Suddenly, 3-D stars are a must-have ornament

So-called 'barn stars,' which hark back to the 19th century, are now selling fast in boutiques and antique stores across the country. You can even find one in CVS.

Sailboats bob in the Merrimack River just a few yards away, so a visitor to this small shop in Newburyport, Mass., might be forgiven for thinking that the star-shaped wall-hangings leaned against the storefront represent a nautical motif. That's one common guess.

"Lots of people ask about the meaning behind them," says shopkeeper Kevin Riley, stepping out onto the sun-warmed brick sidewalk. This summer – the second year the store has offered them – many customers have handed over $20 to $40 for the flat-backed, 3-D stars. Medium size sells best, he says, in blue, red, or black.

Buyers, he says, seem interested to learn that the hot-selling items are "barn stars," decorations of tin or distressed painted wood with roots in 1820s Amish and other farming communities of German descent. Sometimes the stars represented a builder's trademark, according to most accounts. Other times they were just the aesthetic equivalent of the horseshoe.

Barn stars first boomed as décor just after the Civil War and have long surfaced at country-craft markets. They now appear to be on the crest of a national resurgence, appearing online and at stores ranging from boutiques to the corner CVS. Many are made in China, but the genuine article, newly minted, is also aggressively sought.

"They are huge. We can't keep up," says Kelli Toomey, co-owner, with Vern Christian, of Amish Wares, an online retailer in Mansfield, Ohio, that a year ago began selling tin stars handmade in a local Amish community. Some 500 to 600 new orders are in hand at any given time, says Mr. Christian. He'd like to branch out into wooden stars. "But I'm almost afraid to," he says, citing the time required to hand-carve them.

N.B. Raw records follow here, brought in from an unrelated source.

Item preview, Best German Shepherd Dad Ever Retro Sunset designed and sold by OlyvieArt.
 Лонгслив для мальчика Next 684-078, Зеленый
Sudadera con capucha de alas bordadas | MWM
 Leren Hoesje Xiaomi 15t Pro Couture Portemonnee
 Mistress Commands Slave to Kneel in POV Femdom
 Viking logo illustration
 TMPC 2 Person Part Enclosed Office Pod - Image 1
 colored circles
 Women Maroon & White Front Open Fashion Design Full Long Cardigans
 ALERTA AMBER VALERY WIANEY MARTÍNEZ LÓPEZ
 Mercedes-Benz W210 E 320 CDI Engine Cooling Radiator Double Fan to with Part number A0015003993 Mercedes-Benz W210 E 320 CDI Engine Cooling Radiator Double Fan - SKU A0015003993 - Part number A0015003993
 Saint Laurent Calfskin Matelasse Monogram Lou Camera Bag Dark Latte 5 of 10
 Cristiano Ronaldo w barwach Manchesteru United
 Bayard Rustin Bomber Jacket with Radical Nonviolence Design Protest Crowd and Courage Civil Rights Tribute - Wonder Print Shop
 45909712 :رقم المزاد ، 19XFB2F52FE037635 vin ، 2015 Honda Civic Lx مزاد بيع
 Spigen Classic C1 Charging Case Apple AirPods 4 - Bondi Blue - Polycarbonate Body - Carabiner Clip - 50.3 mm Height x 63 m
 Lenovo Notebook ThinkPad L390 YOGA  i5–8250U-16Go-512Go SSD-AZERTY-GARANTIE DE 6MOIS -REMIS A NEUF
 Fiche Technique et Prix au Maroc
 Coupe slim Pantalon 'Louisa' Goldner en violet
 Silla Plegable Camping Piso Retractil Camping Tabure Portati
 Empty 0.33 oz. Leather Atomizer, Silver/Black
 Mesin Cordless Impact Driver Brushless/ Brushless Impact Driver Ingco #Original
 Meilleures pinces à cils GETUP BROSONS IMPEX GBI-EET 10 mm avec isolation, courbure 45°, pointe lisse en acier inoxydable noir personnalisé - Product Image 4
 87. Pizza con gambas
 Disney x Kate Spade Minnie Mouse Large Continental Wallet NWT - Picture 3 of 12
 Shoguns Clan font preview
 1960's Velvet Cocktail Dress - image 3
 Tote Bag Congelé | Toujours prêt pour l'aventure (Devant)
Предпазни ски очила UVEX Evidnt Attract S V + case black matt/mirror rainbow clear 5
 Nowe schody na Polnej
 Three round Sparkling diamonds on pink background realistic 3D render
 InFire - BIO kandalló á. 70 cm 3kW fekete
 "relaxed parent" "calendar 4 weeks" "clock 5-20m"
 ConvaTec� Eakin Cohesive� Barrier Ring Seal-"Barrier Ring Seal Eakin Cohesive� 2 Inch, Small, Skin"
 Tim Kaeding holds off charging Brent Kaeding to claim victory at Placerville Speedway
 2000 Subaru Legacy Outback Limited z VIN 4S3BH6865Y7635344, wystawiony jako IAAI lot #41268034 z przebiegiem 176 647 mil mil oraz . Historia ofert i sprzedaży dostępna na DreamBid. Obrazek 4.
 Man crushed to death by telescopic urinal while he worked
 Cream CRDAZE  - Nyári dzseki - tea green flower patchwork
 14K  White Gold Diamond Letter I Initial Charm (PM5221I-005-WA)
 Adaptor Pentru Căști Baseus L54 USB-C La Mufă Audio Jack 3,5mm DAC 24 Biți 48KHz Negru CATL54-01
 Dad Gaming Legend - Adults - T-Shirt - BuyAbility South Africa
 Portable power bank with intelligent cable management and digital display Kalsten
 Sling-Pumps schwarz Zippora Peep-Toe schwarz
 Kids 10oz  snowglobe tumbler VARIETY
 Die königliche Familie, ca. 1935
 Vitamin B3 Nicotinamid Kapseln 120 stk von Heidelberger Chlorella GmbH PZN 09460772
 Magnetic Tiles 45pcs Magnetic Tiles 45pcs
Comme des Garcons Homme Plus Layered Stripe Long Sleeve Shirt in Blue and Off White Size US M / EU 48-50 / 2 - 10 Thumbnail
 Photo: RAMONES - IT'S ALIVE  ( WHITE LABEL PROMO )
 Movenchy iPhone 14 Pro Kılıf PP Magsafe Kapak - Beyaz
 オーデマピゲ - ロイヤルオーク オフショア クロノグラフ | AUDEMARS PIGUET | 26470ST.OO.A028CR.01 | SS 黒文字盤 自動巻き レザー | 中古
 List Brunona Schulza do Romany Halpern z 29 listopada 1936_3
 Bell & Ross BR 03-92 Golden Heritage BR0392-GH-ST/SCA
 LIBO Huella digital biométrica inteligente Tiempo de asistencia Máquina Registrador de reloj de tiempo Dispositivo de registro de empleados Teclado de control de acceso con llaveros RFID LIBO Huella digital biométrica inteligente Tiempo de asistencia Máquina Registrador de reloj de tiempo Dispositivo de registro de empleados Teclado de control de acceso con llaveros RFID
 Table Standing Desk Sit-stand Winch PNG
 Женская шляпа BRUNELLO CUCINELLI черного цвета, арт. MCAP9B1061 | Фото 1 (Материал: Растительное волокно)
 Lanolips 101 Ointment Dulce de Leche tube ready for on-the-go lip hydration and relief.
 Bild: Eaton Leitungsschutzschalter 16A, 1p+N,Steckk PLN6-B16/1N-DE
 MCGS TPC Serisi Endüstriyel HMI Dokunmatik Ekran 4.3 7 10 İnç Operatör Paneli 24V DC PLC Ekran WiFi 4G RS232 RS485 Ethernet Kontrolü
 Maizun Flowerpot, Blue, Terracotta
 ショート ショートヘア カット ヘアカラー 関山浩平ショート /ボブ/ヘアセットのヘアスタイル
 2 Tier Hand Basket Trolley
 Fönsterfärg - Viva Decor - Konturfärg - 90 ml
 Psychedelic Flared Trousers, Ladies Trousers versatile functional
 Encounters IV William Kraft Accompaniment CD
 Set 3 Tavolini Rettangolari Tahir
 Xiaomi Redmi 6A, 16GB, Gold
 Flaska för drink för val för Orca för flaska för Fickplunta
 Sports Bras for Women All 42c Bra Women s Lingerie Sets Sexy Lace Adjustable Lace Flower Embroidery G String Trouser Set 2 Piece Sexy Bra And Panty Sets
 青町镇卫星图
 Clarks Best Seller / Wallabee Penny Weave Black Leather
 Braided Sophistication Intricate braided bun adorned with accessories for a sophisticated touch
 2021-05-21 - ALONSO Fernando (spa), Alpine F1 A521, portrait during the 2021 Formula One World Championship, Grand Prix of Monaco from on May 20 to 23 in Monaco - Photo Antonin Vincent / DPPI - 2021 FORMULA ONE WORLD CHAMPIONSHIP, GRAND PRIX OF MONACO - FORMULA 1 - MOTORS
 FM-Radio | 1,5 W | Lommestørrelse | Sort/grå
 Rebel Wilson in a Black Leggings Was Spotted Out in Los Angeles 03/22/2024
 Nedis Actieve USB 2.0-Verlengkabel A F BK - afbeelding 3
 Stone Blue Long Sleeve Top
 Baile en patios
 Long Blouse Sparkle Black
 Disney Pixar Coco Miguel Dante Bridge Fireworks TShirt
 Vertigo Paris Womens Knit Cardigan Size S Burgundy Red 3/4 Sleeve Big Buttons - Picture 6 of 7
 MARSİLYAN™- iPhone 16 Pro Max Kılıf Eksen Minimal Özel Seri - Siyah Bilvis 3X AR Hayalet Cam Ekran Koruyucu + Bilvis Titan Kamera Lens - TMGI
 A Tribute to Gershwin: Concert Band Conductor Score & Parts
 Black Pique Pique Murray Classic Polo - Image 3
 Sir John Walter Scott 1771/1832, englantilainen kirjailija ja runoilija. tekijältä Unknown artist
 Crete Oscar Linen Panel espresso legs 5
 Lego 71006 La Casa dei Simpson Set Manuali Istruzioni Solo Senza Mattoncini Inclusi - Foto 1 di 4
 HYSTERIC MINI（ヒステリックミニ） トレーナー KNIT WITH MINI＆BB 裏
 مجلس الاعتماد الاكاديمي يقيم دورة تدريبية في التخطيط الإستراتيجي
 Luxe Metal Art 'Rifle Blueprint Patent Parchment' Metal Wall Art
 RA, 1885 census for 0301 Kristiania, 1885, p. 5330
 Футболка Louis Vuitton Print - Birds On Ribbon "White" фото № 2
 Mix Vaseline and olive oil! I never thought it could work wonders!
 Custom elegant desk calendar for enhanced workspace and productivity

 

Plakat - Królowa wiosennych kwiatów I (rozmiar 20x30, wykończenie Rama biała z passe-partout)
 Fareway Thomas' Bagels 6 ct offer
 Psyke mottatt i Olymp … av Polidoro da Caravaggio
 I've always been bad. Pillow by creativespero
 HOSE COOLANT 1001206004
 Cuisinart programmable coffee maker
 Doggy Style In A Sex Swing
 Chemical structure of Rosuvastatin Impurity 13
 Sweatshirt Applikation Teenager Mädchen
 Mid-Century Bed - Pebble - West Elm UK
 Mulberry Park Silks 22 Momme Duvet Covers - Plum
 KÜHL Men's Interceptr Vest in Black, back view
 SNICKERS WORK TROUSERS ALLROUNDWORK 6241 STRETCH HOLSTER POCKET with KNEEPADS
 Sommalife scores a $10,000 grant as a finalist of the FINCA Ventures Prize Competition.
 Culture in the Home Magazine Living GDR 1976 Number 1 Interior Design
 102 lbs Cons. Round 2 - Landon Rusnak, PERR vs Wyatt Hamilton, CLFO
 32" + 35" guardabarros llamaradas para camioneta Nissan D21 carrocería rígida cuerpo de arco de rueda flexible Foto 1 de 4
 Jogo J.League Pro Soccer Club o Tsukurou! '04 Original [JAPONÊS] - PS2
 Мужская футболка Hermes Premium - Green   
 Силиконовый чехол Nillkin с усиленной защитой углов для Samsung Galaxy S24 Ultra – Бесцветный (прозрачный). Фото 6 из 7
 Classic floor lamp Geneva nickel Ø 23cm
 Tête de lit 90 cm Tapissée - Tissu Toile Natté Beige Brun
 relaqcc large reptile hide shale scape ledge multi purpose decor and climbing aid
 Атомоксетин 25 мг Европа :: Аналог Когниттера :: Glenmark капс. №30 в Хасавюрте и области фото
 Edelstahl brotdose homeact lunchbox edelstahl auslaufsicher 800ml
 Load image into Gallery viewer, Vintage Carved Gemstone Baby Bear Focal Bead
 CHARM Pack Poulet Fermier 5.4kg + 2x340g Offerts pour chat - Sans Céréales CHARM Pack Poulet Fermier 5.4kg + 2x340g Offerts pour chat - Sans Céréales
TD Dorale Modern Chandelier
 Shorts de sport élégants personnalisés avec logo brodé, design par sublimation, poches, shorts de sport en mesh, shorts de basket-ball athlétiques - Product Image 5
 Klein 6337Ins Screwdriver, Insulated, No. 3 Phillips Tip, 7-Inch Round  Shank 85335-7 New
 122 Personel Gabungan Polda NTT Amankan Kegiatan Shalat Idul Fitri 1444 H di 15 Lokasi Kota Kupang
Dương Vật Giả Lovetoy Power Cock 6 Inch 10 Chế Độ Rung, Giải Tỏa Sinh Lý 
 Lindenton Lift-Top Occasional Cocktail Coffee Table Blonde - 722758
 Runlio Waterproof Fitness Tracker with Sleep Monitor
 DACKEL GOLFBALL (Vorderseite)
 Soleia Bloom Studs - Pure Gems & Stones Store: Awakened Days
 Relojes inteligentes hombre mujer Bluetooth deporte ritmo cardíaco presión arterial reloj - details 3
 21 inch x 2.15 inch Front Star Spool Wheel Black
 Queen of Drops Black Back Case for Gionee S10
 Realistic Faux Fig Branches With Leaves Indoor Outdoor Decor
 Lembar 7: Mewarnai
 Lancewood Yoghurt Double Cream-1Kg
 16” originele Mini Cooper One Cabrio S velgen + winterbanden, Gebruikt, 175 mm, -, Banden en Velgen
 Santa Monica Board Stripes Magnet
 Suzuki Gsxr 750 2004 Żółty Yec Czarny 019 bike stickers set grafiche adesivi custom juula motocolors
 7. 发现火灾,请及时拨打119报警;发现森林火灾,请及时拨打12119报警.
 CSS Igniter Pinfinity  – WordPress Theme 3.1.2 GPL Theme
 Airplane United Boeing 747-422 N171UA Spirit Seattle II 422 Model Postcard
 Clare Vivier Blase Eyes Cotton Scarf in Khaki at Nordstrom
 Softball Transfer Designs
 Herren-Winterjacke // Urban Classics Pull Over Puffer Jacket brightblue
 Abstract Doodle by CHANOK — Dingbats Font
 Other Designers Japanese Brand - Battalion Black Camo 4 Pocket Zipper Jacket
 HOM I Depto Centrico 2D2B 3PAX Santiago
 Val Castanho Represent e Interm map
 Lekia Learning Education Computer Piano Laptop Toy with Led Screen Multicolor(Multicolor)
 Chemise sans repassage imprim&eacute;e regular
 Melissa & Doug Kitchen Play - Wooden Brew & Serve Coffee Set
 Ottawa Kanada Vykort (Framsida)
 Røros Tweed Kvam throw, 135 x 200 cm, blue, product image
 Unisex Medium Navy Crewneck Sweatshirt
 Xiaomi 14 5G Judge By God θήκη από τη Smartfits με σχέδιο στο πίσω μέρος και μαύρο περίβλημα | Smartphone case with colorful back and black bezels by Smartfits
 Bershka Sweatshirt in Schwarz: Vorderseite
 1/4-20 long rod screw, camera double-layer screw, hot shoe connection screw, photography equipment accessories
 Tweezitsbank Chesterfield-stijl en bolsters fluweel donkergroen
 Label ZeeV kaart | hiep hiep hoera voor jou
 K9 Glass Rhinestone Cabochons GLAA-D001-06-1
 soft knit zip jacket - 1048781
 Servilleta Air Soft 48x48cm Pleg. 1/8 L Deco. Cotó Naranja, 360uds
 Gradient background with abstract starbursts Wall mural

Like others, he can only guess at the reason for the rising interest. Red and blue stars, in particular, evoke a patriotic brand of Americana, he suggests. (The star shape, interestingly, has reportedly also gained in popularity recently as a tattoo.) "But we sell so many other colors, too." His largest star, a six-footer, goes for $120 and comes in 25 hues.

"People who decorate 'country' want to coordinate with their houses, match the shutters," Christian says. Amish Wares has shipped to nearly every US state, he says. No orders have come yet from Hawaii. California lagged. New England hit first.

Decorators, of course, are divided. "I'm personally not a big fan," says Lisa Kawski, who designs for clients on Boston's North Shore. She has seen more of them lately on barns and homes around Cape Ann, and finally bought "a very small one" at a flea market for her husband. It has yet to make it onto the side of the garage, she says.

"People use these stars now as an interior-design element," says Claudia Brownlie, a crafter and author in middle Tennessee. "Others have them stuck up on the chimney." Ms. Brownlie – who noted a local surge this summer – traces the stars back to the geometric, multicolored symbols originally painted directly onto the walls of barns. Later ones were made from scraps of roofing tin. She sees symbolism in the colors – black for protection, blue for peace, green for growth. More often the palette appears regional.

"The colors that do best in our part of the country are the white, the light green, and barn red," says Cordelia Mendoza at Cottage Antiques in San Diego, which stocks barn-tin, Amish-made stars. "The old primitive colors – mustard, dark blue, black, dark green – don't do as well out here," she says. One 22-inch "shabby green" star sells at her shop for about $40. "I just love having them," she says. "They're fun to decorate with."